バーベキュー当日は思ったよりもたくさんのエビが捕れ、お酒も入った事で、楽しいバーベキューが夜遅くまで開かれました。
しかし
翌日、半数以上の学生が学校には来ませんでした。
お腹が痛くなったそうです。
その話を聞いた機械の学生は「沼のエビなんか食うからだ」と大笑いしました。
そして同じように高専沼のほとりでバーベキューをすることにしました。
当然、エビなんぞ眼中にはありません。
機械の学生たちには勝算がありました
当時の機械のクラスには学生がやってはいけないようなアルバイトをしていた通学生がたくさんいたため、金をたくさん持っていました。
「バーベキューはやっぱ肉だよな」
そう言いながら「飲むとフラフラする不思議な飲み物」や「羊の丸い肉」やバーベキューの道具を大量に買い込んで、何台もの車を高専沼のほとりに乗り付け、本格的なジンギスカンバーベキューの宴を行いました
学生たちは飲むとフラフラする飲み物を大量に飲み、そしてフラフラになりながら大量の羊の肉を真っ暗な高専沼のほとりで口に運びました。

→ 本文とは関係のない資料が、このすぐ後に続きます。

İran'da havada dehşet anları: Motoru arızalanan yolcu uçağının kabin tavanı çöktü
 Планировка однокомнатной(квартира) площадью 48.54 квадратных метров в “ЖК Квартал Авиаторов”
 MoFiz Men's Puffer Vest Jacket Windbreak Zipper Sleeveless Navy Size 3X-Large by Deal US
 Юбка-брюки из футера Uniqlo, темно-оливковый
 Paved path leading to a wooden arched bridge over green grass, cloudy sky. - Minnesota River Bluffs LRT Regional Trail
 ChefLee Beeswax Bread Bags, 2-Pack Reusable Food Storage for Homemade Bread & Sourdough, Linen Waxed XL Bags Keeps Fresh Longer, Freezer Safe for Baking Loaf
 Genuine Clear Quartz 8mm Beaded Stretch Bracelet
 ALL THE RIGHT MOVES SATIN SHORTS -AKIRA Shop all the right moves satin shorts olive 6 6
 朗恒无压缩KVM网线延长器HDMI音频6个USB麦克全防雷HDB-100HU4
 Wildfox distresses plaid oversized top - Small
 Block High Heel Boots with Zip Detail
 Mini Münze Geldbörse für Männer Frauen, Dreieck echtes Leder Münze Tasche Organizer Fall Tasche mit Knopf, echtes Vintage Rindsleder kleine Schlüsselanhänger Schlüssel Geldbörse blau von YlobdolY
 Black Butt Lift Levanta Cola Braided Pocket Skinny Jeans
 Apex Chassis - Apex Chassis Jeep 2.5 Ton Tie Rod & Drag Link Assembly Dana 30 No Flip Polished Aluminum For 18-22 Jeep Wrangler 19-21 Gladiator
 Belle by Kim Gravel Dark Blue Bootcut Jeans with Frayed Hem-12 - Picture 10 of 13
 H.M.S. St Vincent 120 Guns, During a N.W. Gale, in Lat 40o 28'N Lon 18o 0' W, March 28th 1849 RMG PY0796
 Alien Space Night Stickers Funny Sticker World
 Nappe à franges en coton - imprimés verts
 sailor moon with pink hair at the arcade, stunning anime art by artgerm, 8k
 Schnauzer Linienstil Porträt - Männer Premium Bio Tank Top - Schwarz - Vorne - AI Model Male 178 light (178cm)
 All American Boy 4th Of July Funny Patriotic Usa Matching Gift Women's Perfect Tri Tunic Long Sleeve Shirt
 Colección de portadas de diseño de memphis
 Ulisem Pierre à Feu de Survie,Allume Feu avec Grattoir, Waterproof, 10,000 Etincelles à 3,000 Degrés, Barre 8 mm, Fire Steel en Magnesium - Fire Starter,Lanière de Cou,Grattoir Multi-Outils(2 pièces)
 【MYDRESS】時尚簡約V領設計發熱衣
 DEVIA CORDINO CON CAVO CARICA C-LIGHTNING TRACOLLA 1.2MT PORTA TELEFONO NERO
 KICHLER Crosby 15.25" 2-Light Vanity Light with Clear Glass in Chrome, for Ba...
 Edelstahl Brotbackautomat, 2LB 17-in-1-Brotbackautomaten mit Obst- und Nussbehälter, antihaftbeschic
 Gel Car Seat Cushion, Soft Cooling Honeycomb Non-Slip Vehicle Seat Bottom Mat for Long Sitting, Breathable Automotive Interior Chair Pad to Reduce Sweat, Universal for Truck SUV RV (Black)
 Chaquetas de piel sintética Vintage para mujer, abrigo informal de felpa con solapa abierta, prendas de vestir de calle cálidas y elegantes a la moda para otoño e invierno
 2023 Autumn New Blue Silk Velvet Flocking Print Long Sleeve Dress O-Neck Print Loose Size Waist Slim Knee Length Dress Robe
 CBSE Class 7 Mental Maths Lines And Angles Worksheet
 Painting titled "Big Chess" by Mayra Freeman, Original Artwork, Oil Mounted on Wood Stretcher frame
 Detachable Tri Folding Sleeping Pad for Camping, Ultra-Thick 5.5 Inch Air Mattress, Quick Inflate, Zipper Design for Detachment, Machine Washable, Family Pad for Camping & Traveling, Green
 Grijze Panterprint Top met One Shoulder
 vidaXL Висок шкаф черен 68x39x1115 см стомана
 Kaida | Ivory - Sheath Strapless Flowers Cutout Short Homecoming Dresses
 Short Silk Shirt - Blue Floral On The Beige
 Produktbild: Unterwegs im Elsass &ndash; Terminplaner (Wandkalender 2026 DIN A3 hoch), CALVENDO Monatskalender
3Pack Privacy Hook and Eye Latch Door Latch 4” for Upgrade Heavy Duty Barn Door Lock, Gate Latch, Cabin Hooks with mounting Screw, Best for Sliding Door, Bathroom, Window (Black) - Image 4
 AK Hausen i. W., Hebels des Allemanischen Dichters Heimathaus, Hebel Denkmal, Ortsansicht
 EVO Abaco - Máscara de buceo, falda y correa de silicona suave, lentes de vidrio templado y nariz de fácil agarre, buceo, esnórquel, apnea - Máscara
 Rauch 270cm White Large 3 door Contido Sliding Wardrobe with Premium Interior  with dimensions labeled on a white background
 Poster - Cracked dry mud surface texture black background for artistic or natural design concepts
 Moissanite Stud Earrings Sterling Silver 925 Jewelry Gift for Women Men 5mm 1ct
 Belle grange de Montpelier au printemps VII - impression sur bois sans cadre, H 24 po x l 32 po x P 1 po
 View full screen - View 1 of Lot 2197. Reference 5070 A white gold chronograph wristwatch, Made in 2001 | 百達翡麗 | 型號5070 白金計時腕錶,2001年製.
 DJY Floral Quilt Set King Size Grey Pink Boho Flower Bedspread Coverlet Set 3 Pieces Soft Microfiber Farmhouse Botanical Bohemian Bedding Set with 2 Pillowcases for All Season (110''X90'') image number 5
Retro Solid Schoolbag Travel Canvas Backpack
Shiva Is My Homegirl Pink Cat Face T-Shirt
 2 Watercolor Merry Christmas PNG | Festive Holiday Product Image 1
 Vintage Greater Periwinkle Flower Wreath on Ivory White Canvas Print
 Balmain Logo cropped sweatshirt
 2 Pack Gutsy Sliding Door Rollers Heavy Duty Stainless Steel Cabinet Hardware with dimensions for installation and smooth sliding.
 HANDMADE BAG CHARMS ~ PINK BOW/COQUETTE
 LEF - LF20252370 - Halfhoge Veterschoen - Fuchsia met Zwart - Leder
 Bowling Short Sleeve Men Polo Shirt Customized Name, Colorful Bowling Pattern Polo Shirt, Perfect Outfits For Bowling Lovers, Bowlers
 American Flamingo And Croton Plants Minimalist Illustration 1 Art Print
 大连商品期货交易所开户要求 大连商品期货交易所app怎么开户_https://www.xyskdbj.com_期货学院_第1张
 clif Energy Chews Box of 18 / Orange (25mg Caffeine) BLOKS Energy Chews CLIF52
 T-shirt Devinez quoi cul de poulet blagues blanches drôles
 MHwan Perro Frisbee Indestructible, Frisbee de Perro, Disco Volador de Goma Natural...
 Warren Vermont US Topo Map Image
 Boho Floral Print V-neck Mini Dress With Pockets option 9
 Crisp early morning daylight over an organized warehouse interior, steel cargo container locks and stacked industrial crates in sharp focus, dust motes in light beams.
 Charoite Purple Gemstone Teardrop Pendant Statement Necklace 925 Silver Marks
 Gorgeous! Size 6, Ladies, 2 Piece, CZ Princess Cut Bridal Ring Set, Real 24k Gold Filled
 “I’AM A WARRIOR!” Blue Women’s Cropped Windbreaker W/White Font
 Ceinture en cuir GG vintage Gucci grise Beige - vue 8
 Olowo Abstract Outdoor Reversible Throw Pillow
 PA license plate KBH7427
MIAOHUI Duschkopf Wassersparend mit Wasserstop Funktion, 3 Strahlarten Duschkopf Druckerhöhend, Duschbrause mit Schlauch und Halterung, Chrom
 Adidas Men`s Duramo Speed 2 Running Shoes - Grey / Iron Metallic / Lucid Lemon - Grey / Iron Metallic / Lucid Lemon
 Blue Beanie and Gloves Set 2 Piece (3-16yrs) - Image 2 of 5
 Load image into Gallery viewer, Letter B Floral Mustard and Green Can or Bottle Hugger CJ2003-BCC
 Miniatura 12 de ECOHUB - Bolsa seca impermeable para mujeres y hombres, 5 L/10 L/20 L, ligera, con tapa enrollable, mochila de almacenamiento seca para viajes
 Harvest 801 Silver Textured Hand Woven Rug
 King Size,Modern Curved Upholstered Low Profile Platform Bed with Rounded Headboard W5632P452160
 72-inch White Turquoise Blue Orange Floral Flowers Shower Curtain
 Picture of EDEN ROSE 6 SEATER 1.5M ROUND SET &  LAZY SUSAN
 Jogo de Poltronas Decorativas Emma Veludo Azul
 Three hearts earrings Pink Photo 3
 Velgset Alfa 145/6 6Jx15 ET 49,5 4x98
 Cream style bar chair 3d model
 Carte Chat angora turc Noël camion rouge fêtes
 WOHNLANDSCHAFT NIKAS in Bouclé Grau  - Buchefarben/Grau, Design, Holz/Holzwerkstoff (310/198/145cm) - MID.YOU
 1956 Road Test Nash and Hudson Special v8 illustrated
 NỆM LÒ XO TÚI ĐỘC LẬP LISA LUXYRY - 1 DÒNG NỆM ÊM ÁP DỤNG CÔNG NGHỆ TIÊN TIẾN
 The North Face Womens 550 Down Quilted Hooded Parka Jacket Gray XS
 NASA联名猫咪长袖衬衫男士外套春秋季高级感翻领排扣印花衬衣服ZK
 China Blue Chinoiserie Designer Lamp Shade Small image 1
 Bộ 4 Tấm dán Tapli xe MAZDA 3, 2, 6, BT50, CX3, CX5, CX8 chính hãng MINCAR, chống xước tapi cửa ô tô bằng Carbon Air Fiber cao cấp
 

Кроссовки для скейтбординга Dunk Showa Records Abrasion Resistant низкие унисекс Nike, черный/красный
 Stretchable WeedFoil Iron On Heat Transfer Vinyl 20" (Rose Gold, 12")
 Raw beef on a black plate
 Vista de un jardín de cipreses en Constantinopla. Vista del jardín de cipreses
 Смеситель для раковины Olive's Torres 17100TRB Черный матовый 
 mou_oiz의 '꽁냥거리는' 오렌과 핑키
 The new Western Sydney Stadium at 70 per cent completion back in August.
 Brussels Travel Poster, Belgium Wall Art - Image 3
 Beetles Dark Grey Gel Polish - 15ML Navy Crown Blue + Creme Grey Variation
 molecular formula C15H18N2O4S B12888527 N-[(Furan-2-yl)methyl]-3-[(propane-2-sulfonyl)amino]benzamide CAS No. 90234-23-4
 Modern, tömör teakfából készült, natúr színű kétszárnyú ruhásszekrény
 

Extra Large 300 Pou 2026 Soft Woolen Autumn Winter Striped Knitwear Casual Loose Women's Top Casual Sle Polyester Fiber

当時は周囲に家が無かったので大きな声を出して深夜まで大騒ぎをしていました。
しかし
やっぱり翌日は半分以上の学生が学校に来ることはありませんでした
結局、腹はしっかり壊しました。
ジンギスカンは明るいところで食べましょう
それ以来、高専沼のそばで食べ物を食べると腹を壊すという言い伝えが、平成の中頃までは学生の間で伝わっていたそうです。
※この話はフィクションということにします。したいです。